How RFK could smash the two-party system In American politics, upset has become the rule


MARCH 11, 2024

The surrender of Nikki Haley — long drawn-out but long expected — has set both of America’s major parties on the same course: a limp coronation, conducted through process of elimination. Donald Trump’s path is clear, competitors fallen away, while Joe Biden is also slipping through effectively unopposed, happily ignoring token challenges by Dean Phillips and Marianne Williamson. But the frictionless progress of both candidates through their party’s internal processes is concealing a hidden truth about this year’s election. Many  Americans don’t want Joe Biden or Donald Trump. They see the race as a horror-reality show featuring two geriatrics who seem doddery, unwell, and angry at being told so. It is increasingly possible that they support independent candidates who could deprive both Trump and Biden of the votes needed to win the presidency. America could end up with a hung presidential election.
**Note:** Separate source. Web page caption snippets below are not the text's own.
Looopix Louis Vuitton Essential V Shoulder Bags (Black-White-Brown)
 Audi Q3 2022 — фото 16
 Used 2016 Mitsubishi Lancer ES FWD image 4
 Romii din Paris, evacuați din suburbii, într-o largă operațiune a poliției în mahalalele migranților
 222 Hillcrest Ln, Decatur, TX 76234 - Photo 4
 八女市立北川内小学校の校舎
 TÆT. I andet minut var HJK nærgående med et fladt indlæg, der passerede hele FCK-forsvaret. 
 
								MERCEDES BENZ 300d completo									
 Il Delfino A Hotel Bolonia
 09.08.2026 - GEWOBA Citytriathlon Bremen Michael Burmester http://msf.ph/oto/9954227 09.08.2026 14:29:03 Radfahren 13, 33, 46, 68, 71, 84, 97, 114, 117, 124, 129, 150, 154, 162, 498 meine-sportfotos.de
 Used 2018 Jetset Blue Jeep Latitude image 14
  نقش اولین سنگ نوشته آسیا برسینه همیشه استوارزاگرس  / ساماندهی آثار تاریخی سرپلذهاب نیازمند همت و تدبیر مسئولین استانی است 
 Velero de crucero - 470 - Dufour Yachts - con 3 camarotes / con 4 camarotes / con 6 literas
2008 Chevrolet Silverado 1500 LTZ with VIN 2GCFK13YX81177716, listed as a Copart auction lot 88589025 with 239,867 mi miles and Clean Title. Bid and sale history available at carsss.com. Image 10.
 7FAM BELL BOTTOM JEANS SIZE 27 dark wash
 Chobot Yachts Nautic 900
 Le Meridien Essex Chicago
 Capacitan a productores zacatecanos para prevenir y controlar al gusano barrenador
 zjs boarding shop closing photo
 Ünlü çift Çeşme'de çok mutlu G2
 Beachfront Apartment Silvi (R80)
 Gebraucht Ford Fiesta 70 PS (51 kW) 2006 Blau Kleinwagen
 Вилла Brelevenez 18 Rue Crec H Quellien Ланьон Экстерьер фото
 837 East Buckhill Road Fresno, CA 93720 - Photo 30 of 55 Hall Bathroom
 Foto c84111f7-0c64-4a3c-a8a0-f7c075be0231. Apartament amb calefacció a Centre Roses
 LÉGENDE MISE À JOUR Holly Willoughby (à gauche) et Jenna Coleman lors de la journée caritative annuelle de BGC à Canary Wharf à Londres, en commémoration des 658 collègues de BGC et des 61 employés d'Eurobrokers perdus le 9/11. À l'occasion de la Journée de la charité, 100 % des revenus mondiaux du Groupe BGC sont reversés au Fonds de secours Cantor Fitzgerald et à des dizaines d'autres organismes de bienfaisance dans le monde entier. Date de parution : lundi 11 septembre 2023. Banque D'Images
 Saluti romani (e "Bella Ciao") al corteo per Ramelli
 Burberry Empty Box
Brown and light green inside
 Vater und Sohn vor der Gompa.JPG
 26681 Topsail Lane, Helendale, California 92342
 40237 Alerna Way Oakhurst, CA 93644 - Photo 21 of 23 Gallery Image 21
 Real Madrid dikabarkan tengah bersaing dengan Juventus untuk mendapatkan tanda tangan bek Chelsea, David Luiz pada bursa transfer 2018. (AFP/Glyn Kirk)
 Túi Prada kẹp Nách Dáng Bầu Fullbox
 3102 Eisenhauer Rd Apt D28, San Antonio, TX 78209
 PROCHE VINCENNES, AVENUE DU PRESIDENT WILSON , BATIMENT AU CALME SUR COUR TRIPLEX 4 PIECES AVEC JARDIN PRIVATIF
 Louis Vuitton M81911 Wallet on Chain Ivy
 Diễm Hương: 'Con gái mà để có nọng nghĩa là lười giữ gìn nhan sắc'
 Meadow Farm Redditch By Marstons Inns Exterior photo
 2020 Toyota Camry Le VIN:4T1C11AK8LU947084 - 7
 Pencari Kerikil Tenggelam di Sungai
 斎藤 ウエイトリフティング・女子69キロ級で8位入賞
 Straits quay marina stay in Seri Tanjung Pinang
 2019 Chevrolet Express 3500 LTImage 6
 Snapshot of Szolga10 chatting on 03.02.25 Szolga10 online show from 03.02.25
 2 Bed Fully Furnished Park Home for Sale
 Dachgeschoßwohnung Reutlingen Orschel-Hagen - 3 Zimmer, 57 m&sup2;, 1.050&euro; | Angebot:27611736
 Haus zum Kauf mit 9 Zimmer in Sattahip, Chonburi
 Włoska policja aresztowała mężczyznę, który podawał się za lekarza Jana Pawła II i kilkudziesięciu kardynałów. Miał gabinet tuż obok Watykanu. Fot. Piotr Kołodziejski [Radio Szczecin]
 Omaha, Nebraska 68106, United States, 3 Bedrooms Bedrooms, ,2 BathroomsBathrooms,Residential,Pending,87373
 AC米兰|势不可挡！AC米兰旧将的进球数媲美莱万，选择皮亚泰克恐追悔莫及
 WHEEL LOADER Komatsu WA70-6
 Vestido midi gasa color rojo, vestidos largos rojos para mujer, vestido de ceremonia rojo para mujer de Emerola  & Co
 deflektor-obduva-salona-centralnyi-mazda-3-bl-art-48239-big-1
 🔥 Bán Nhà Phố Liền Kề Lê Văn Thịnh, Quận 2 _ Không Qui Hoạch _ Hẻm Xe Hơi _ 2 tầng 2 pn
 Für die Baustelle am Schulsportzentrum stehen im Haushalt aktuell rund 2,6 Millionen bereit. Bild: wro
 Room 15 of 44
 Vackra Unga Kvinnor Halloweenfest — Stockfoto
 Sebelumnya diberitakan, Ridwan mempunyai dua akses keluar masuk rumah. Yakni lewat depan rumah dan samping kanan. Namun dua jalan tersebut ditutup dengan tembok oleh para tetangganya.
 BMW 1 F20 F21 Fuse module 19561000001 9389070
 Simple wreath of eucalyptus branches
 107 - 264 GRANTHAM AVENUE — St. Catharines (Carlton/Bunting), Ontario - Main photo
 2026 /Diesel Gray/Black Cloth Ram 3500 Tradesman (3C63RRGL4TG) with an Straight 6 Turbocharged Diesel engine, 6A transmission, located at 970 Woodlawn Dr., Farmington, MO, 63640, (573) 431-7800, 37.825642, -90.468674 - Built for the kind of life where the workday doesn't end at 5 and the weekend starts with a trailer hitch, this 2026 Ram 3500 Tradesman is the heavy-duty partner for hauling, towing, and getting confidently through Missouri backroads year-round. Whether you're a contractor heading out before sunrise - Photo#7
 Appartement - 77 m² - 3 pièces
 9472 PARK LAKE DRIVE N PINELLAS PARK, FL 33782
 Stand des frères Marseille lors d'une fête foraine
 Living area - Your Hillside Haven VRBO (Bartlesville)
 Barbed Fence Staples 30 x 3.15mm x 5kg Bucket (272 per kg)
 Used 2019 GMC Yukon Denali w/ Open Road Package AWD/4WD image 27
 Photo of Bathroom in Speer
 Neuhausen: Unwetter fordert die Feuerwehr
How would this come about? The Constitution requires that a victorious president wins at least 270 Electoral College votes, which they must gather from some combination of the 50 states. It now looks possible that neither mainstream candidate will manage that. For a start, the “Never Trump” and “Never Biden” voters are on the rise. Americans are now keen to explore almost any alternative, and independents are offering one in the form of the “No Labels” movement as well as Robert Kennedy Jr’s campaign. Both have received relatively little coverage so far, partially because of the juggernaut status of the Democratic Party and the GOP, but also because third-party candidates rarely do well in American elections. But, given the staggering sense of frustration nationwide with Biden and Trump and the absence of a unifying figure, an independent candidate could have a historic opportunity.

If neither Biden nor Trump reaches the required 270 Electoral College votes, the Constitution dictates that the voting shifts into a “contingent election”. This means that the incoming House of Representatives will decide the winner based on whoever can form a coalition of red and blue states and win 26 of them first. The Senate would select the vice president. Given that most Republican or Democrat politicians are hardly able to look at each other, let alone agree any deals, it seems unlikely Biden or Trump could forge that coalition. But Kennedy or the as-yet-unnamed No Labels candidate, who actively cultivate the idea of returning to centrist bipartisan solutions, potentially could, should the presidency slip into the arcana of America’s 18th-century constitutional schematics.